Analysts widely agree that the insurgency, combined with what many people describe as a half-hearted commitment from the African Union, the United Nations, and western countries to provide tangible backing, is preventing the government from implementing meaningful measures that could improve the lives of ordinary Somalis. And that, they say, is costing the government the popular support it needs to win the war against its opponents.

Meanwhile, warships from more than 20 countries are trying to protect vital shipping lanes off the coast of Somalia from pirate attacks. There has been rising concern in the shipping industry that given the financial cost of such operations, governments may be tempted to scale back their commitments.

To make matters worse, Somali pirates have also started hunting further from shore, attacking ships in waters as far north as Oman to the Seychelles Islands in the Indian Ocean.

Analyst J. Peter Pham said he supports the Somali government efforts to build a navy that can take over maritime security duties from the international community. But he said a fragile government, preoccupied with establishing authority, cannot do it alone.

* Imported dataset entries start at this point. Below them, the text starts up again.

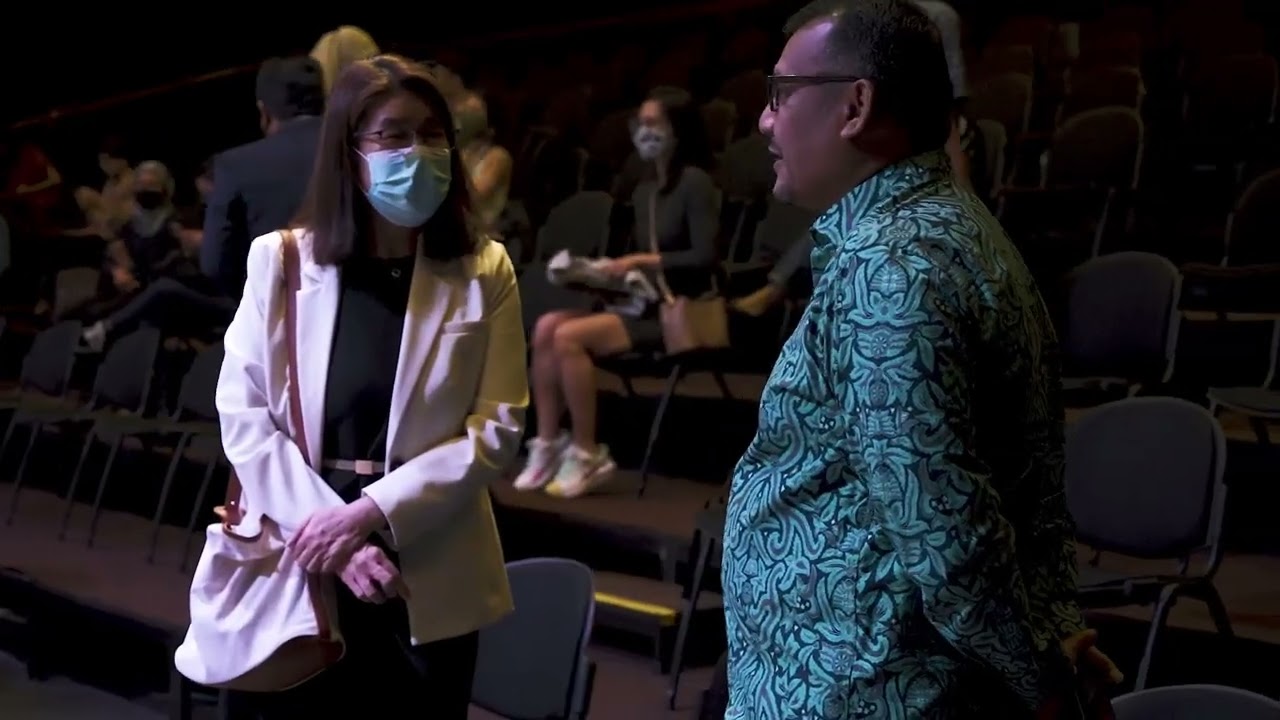 Conference Highlights Video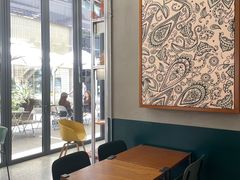-OUR Bakery(三里屯太古里店)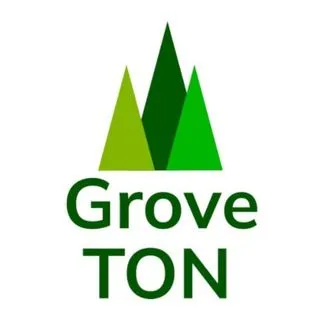 Grove TON - официальный канал
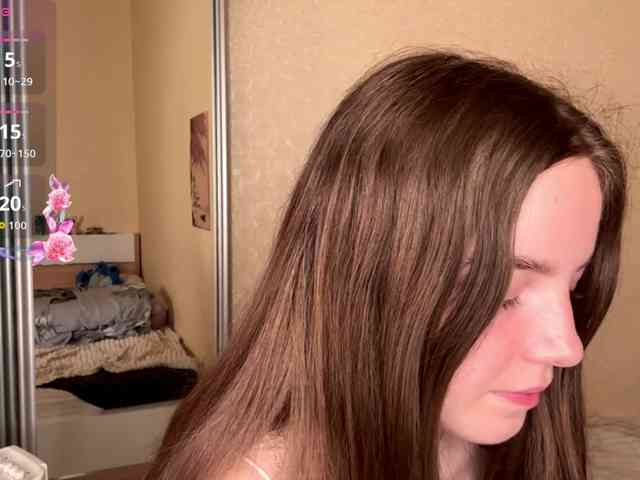 KittyJeny webcam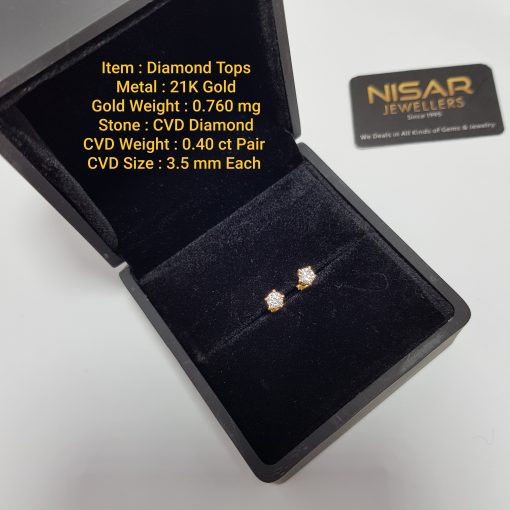 Diamond Tops - Image 4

"It can be built under the aegis of the African Union, serving a regional capability, and if at some future date, there is a government that is effective and legitimate and accountable, that institution that is built up under the aegis of the A.U. could be turned over to the government at a later date. An African Union-regional coast guard could at least begin patrolling areas along the coast and rendering assistance to vessels in distress," he added.

The fear is that if nothing is done to address the intertwined problems of political instability and piracy, thousands of more young men in Somalia will soon turn to piracy as a way out of endless poverty and war.